Given information: Begin
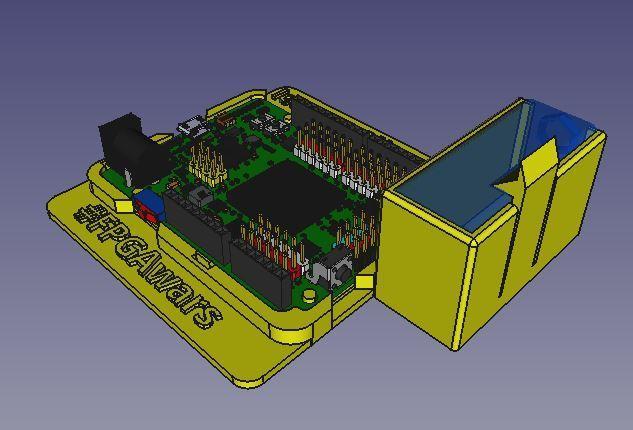IceZum Alhambra support with 9 volts battery holder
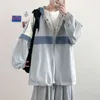 Vestes pour hommes Mode Réversible Porter Taille Lâche Plus Fat Gay Hong Kong Style Avec À Capuche Jeunes Hommes Couple Veste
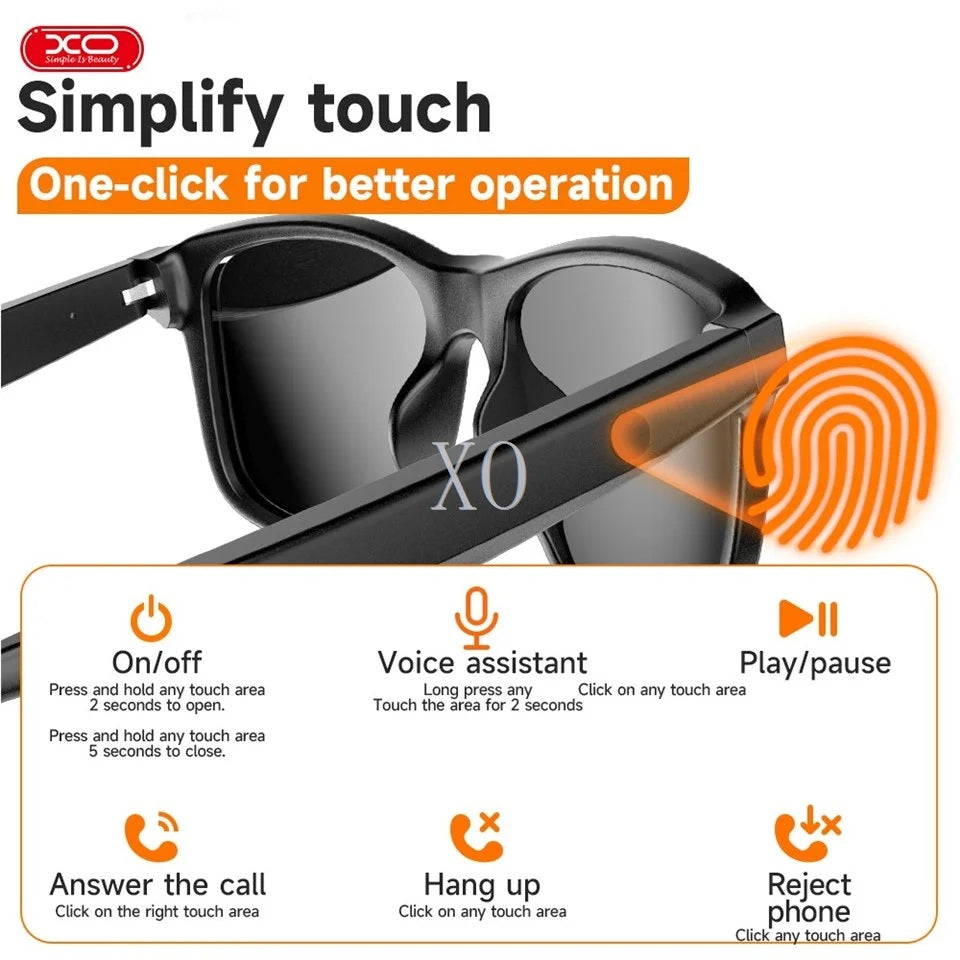 XO E9 Weiqi Smart Audio Glasses UV Protective Sunglasses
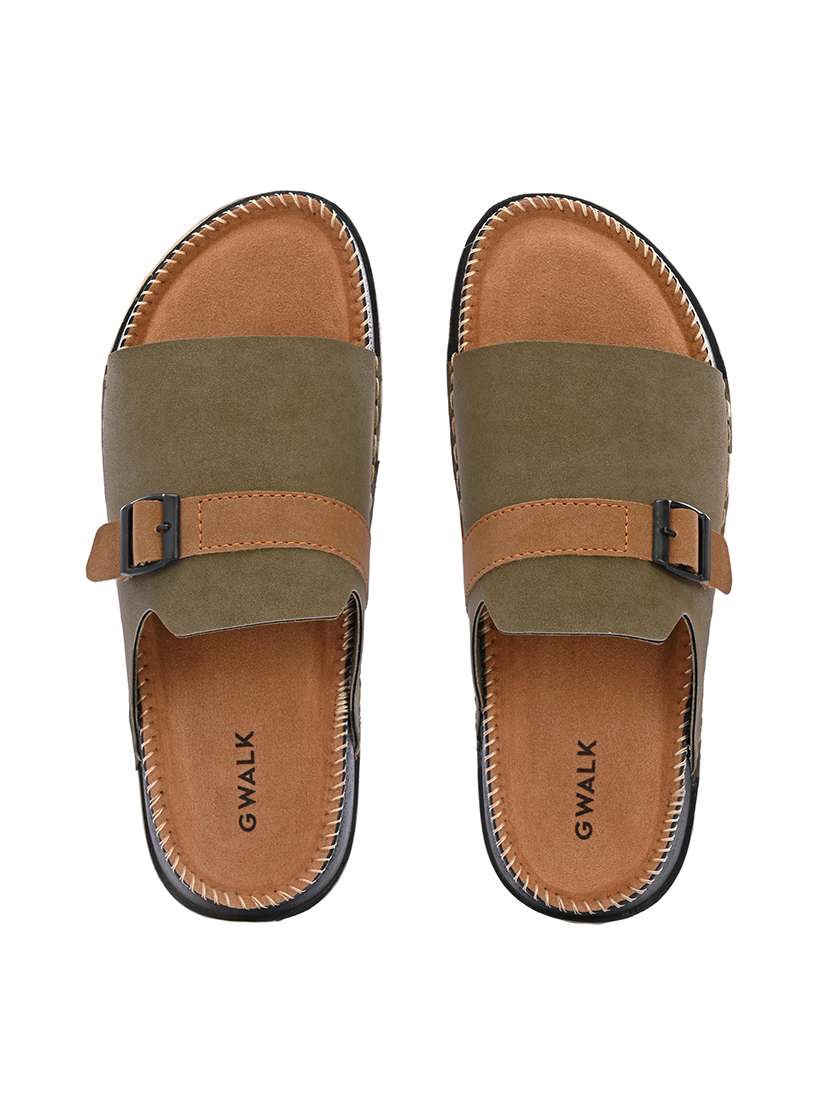 men solid slip on sandal - 22604000 -  Standard Image - 4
Given information: End
Set down exactly, line for line, the data from the line that contains "XO E9 Weiqi" through its last line, keeping pictures out.

(Reply to the task)
 XO E9 Weiqi Smart Audio Glasses UV Protective Sunglasses
 men solid slip on sandal - 22604000 -  Standard Image - 4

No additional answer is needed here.